_Aim of the task_. Where a record holds a picture, leave the picture out; otherwise repeat every record exactly.

_Stored entries_.
%%
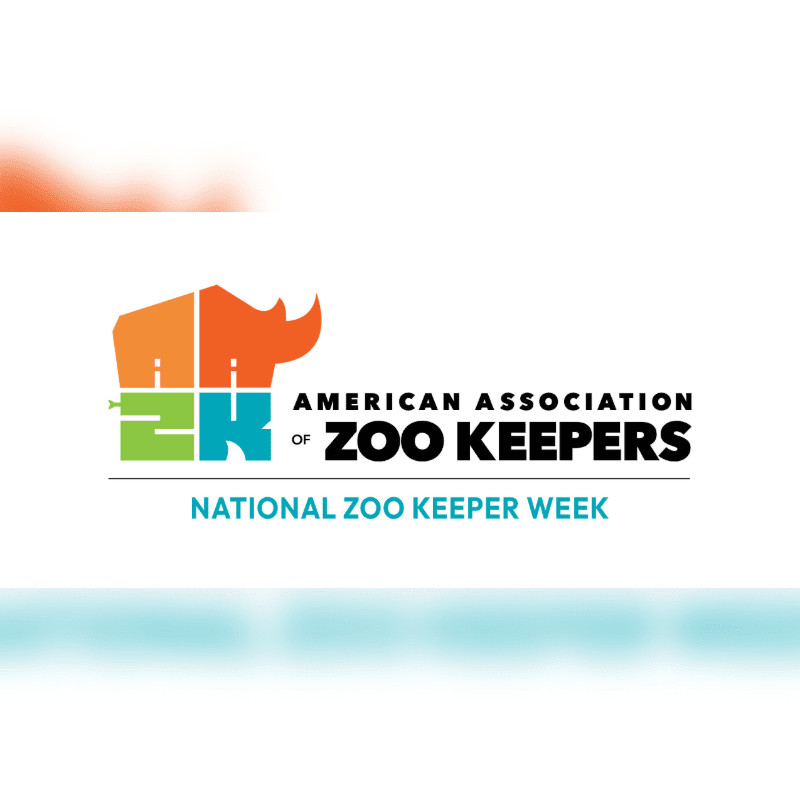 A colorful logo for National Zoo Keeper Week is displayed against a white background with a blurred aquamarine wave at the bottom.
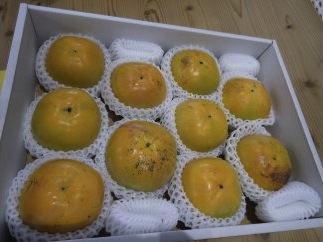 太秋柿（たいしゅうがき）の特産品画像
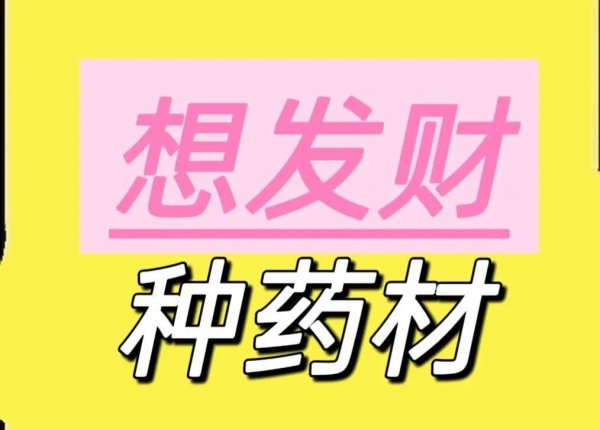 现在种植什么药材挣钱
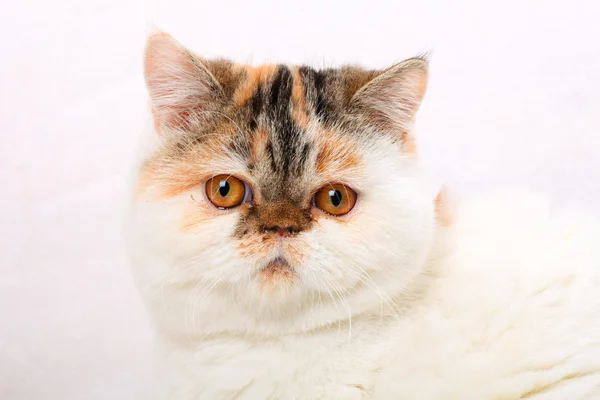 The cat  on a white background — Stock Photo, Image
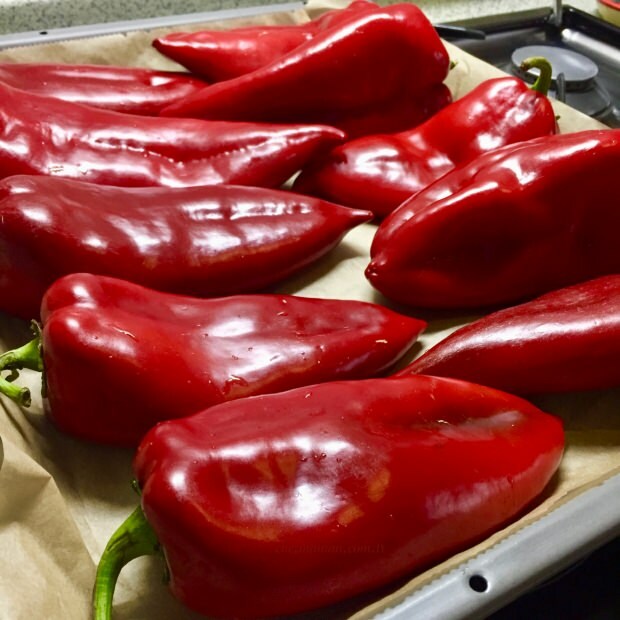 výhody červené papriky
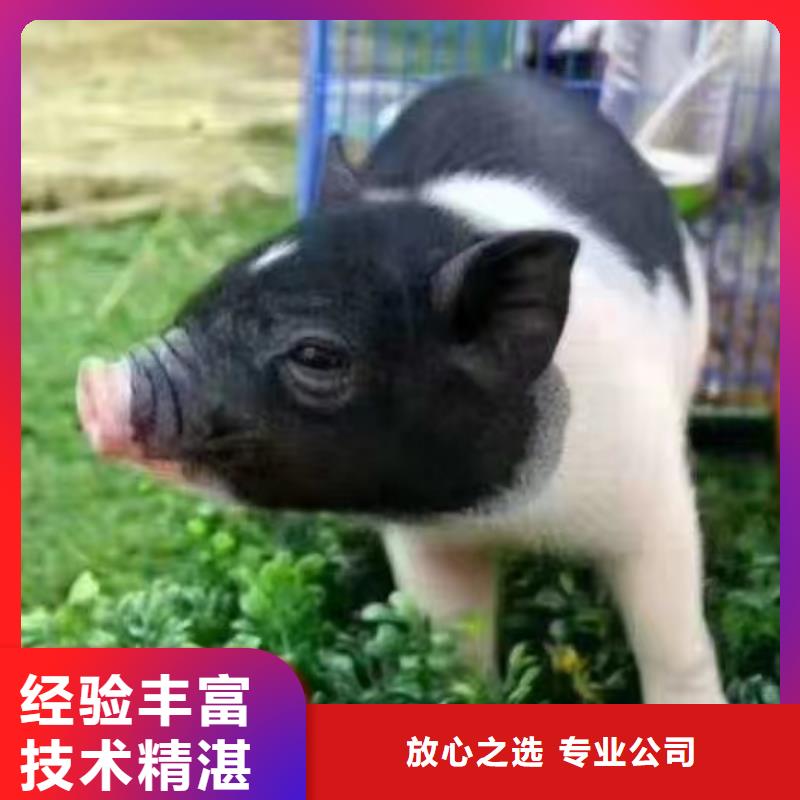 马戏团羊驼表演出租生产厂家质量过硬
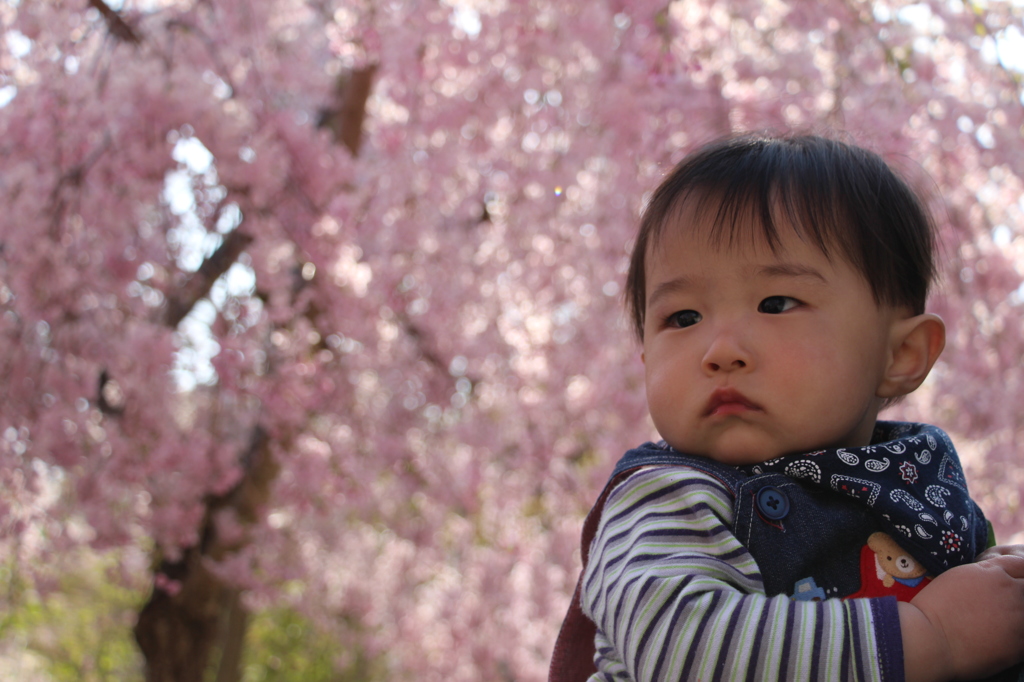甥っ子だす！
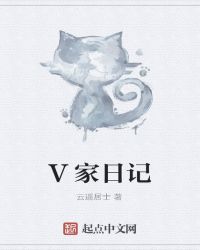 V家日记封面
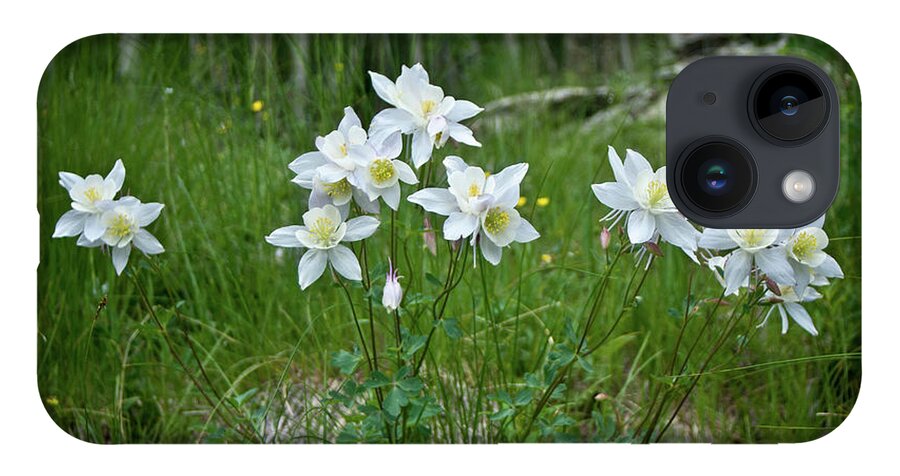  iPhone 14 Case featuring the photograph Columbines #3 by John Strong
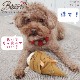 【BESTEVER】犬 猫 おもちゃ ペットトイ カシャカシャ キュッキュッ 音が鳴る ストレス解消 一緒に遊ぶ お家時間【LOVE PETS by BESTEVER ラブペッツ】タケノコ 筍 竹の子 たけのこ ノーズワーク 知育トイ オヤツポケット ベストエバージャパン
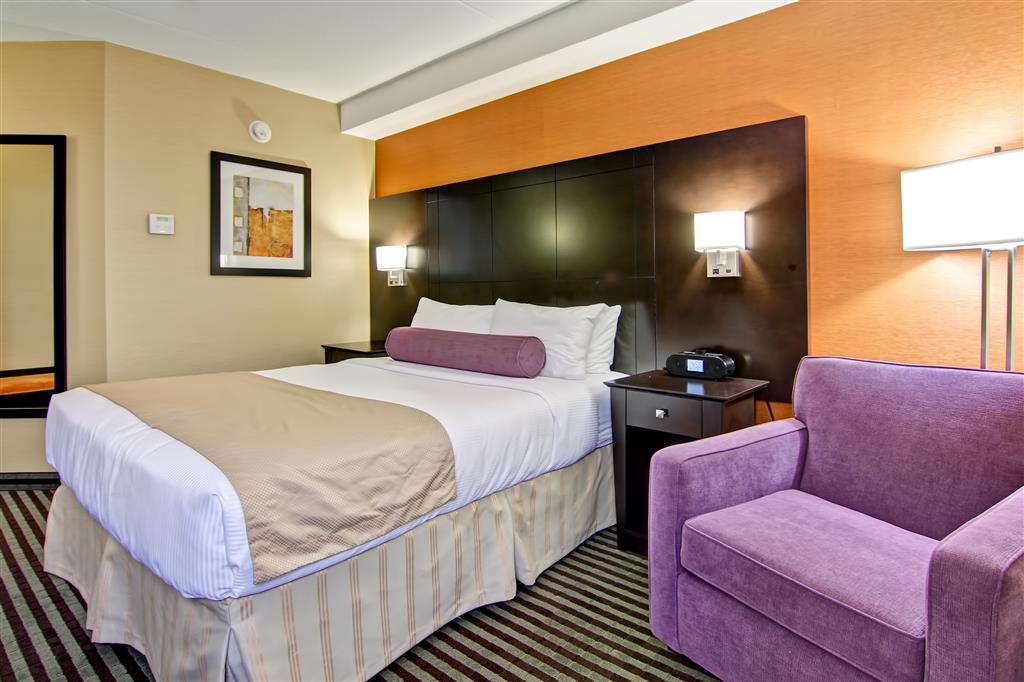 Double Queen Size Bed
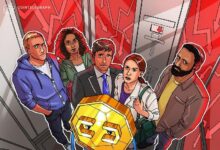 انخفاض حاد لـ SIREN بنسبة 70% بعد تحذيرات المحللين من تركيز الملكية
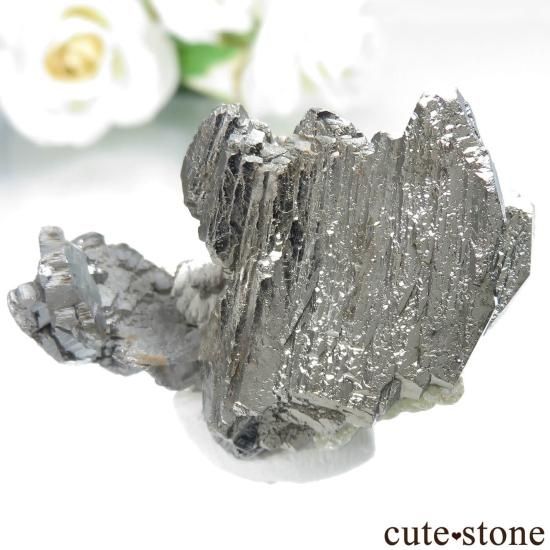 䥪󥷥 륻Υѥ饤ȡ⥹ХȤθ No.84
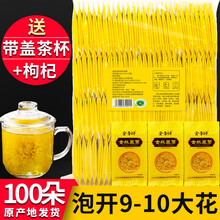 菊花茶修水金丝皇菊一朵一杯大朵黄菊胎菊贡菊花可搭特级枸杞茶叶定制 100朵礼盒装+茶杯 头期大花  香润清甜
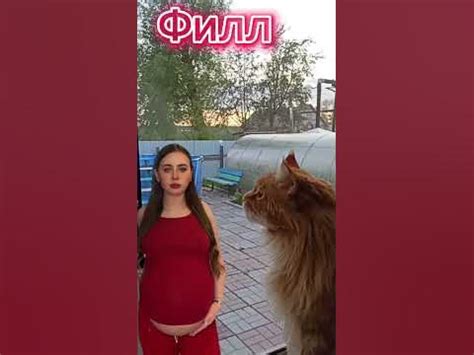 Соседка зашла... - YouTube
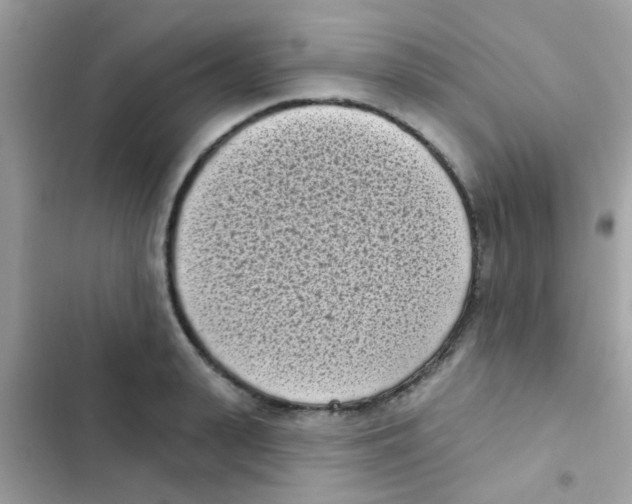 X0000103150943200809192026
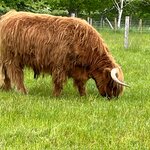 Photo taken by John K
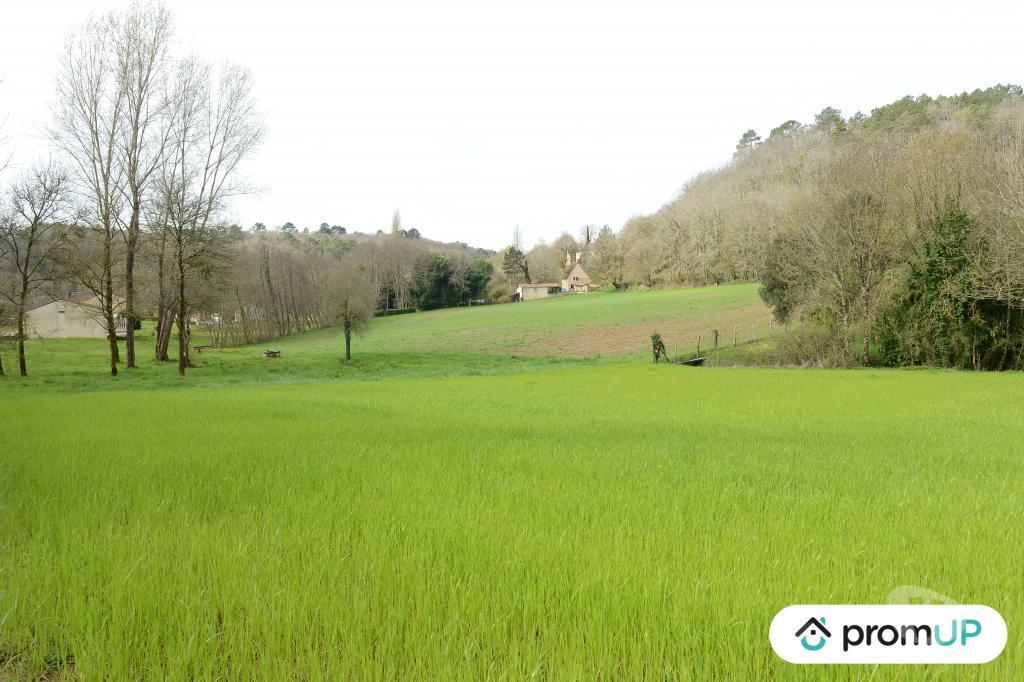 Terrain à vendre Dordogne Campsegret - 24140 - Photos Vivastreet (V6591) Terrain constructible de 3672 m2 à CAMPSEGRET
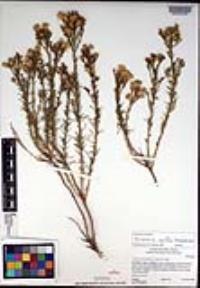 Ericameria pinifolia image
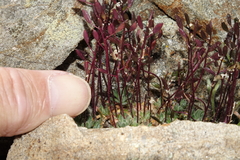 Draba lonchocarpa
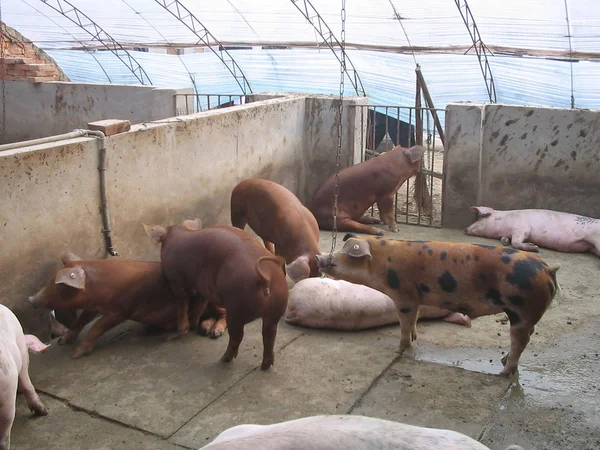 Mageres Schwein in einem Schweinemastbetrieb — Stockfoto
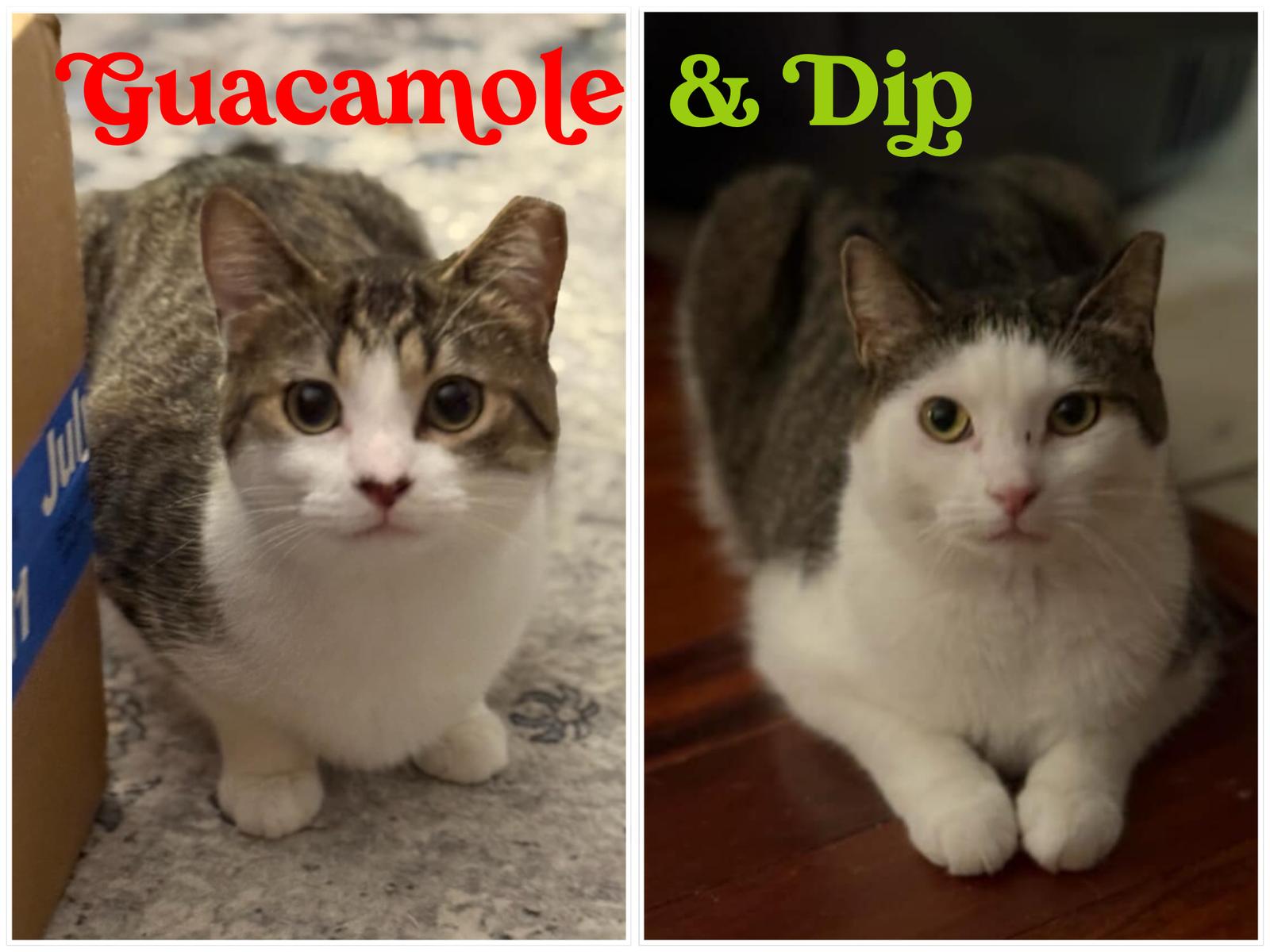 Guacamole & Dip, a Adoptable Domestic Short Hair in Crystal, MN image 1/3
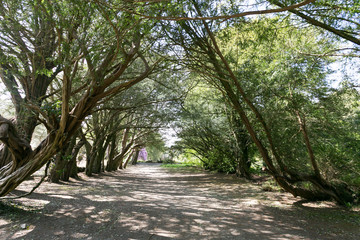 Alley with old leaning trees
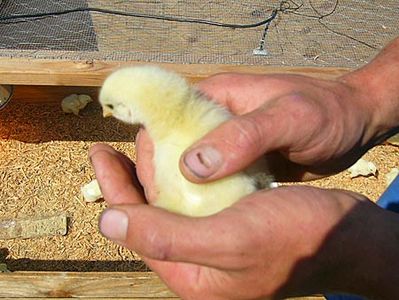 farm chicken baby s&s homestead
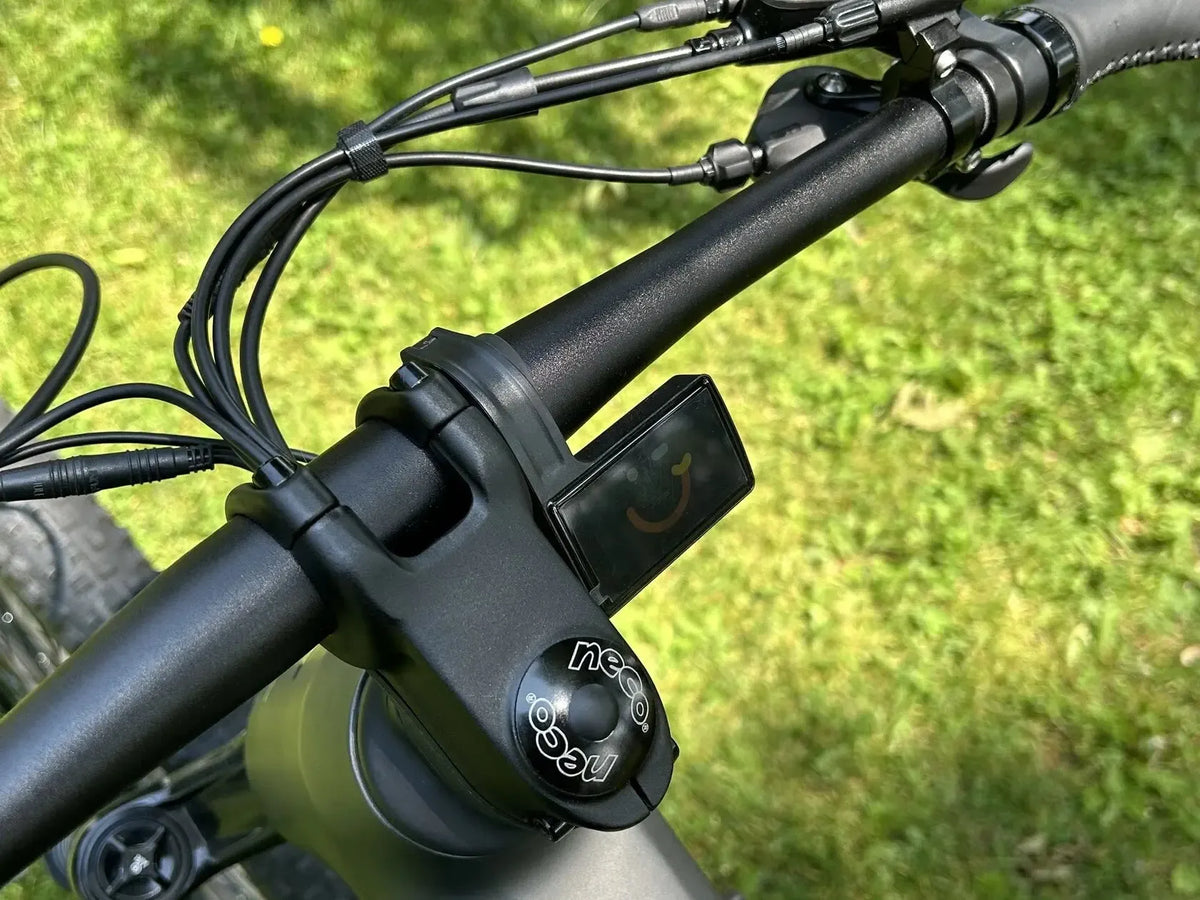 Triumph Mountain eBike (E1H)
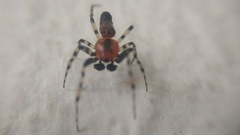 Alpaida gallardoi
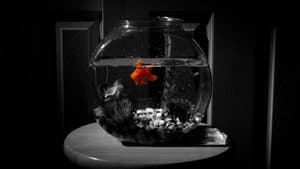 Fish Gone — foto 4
%%
_Your response_.
 A colorful logo for National Zoo Keeper Week is displayed against a white background with a blurred aquamarine wave at the bottom.
 太秋柿（たいしゅうがき）の特産品画像
 现在种植什么药材挣钱
 The cat  on a white background — Stock Photo, Image
 výhody červené papriky
 马戏团羊驼表演出租生产厂家质量过硬
甥っ子だす！
 V家日记封面
  iPhone 14 Case featuring the photograph Columbines #3 by John Strong
 【BESTEVER】犬 猫 おもちゃ ペットトイ カシャカシャ キュッキュッ 音が鳴る ストレス解消 一緒に遊ぶ お家時間【LOVE PETS by BESTEVER ラブペッツ】タケノコ 筍 竹の子 たけのこ ノーズワーク 知育トイ オヤツポケット ベストエバージャパン
 Double Queen Size Bed
 انخفاض حاد لـ SIREN بنسبة 70% بعد تحذيرات المحللين من تركيز الملكية
 䥪󥷥 륻Υѥ饤ȡ⥹ХȤθ No.84
 菊花茶修水金丝皇菊一朵一杯大朵黄菊胎菊贡菊花可搭特级枸杞茶叶定制 100朵礼盒装+茶杯 头期大花  香润清甜
 Соседка зашла... - YouTube
 X0000103150943200809192026
 Photo taken by John K
 Terrain à vendre Dordogne Campsegret - 24140 - Photos Vivastreet (V6591) Terrain constructible de 3672 m2 à CAMPSEGRET
 Ericameria pinifolia image
 Draba lonchocarpa
 Mageres Schwein in einem Schweinemastbetrieb — Stockfoto
 Guacamole & Dip, a Adoptable Domestic Short Hair in Crystal, MN image 1/3
 Alley with old leaning trees
 farm chicken baby s&s homestead
 Triumph Mountain eBike (E1H)
 Alpaida gallardoi
 Fish Gone — foto 4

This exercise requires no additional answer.